Winter is the best time for inshore fishing in my opinion when the weather cooperates. I am unfamiliar with the Escambia river but I'm sure someone from your area will chime in... If I were you I would buy whatever kayak I could afford and go fishing! I used to kayak fish in a tiny sit in with no rod holders, I'd stash one rod and reel in the cockpit and bring a grocery bag with a few artificials, I caught just as many fish in that little boat as I do in my expensive hobie kayak...

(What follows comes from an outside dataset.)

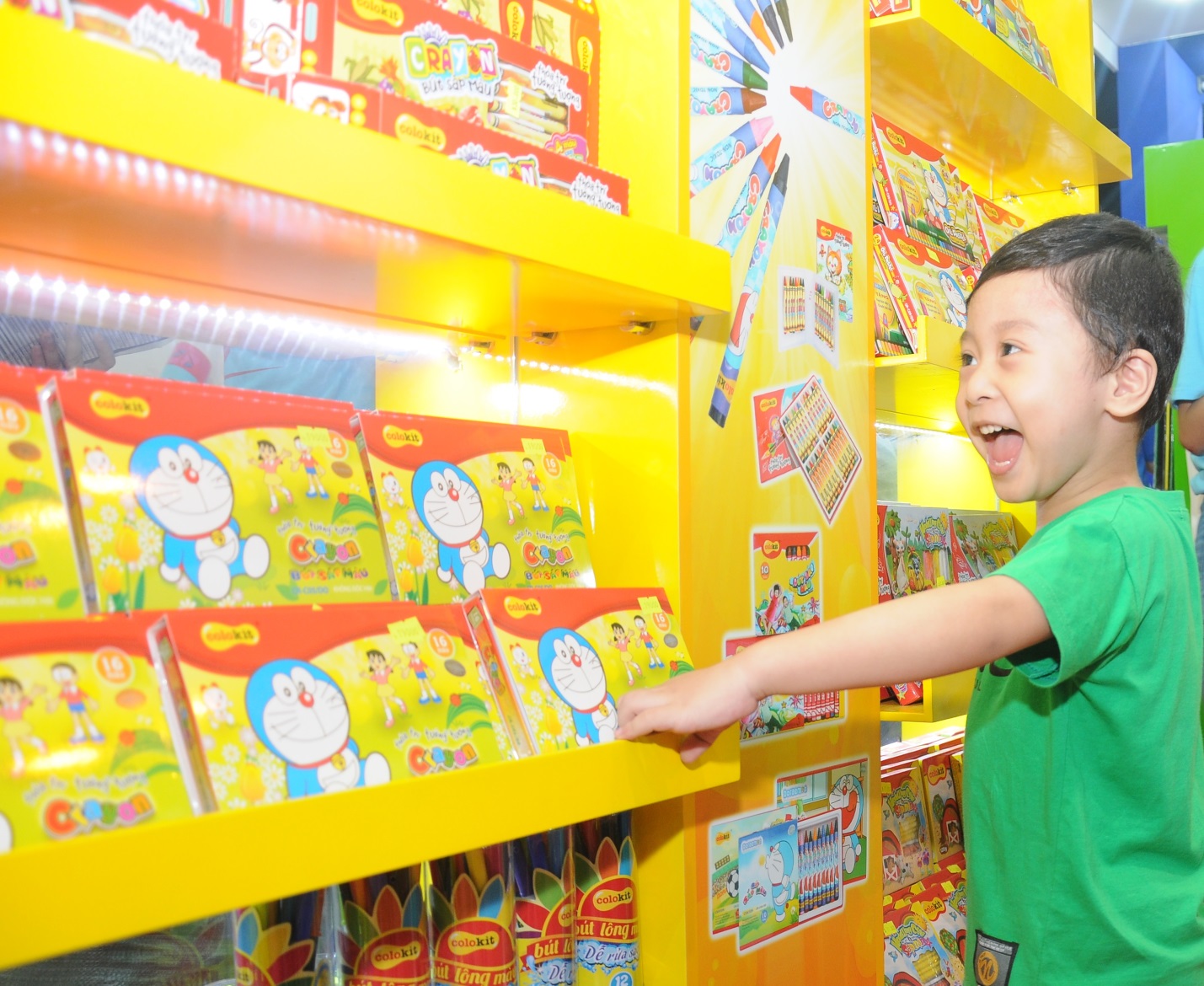 Say mê ngắm nhìn những dụng cụ học tập ước ao Say mê ngắm nhìn những dụng cụ học tập ước ao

When the water is cold the fish can move and feed physically slower so give slowly bumping the bottom a shot.... Really slow. I like to use gulp swimming mullets on a 1/4 oz jig head most of the time.


----------



## Kevin B (Dec 3, 2012)

I only spend 10 days or so in Alabama and Florida a year, But I have seen enough Alligators that I wouldn't go wading in a River 

But that is just me :no:.

Kevin


----------



## MerkDeez (Nov 20, 2011)

You could wade fish escambia if you wanted but you can run into some nasty mud. I would grab a $100 yak off craigslist. Fishing in escambia is very consistent. The past 2 months has been solid fishing catching atleast 2 slot reds and a handful of over 18" specks on fly. If I don't fly fish I can double that number. Work points in 3-5 of water, topwater in the early early morning and then once you get some good light I turn over to a crab, shrimp, or clouser all in a natural color.

Find bass hole cove on the map, south side of the causeway and it is about .5-2' deep. It holds a ton of sheepshead that if you are slow and quiet enough you can sneak up enough and catch one on fly. For those though it's about a 1 in every 20 fish you will catch. Can be very frustrating.


----------